EXERCISE DETAILS —
Below this line are records; write out exactly the lines from the one containing "Trådlösa tangentbord och" through the one containing "Rao bán tiền giả công khai trên mạng xã hội", with the pictures left out.

DATASET EXTRACT —
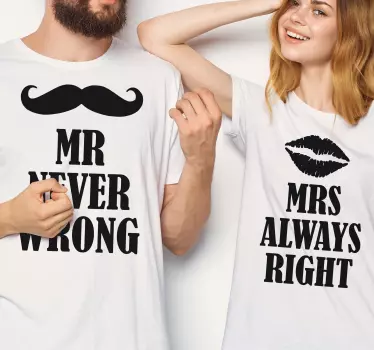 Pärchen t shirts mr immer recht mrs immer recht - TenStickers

* * *

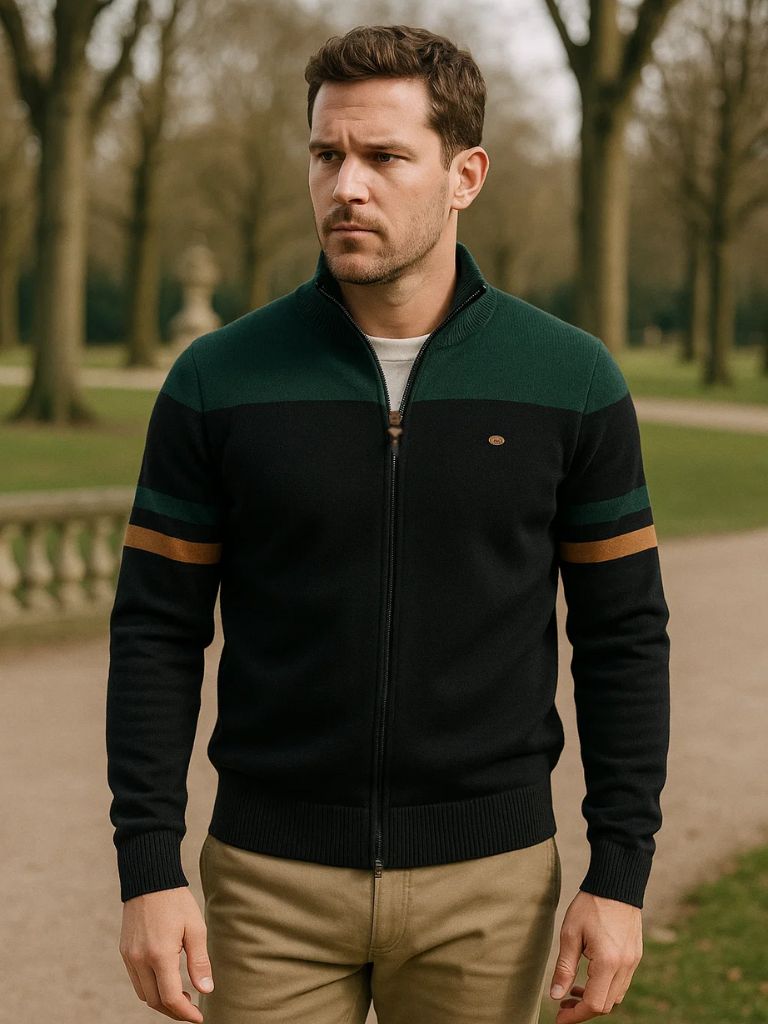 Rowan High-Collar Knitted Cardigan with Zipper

--

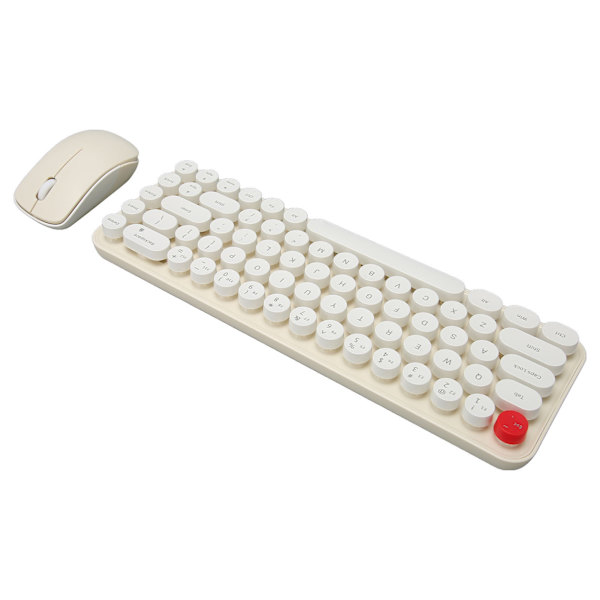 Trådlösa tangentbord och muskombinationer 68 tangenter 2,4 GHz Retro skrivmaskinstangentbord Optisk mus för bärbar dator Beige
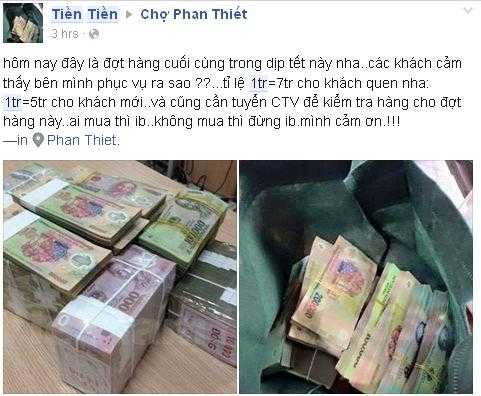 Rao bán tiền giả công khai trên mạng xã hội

WRITTEN SOLUTION —
 Trådlösa tangentbord och muskombinationer 68 tangenter 2,4 GHz Retro skrivmaskinstangentbord Optisk mus för bärbar dator Beige
 Rao bán tiền giả công khai trên mạng xã hội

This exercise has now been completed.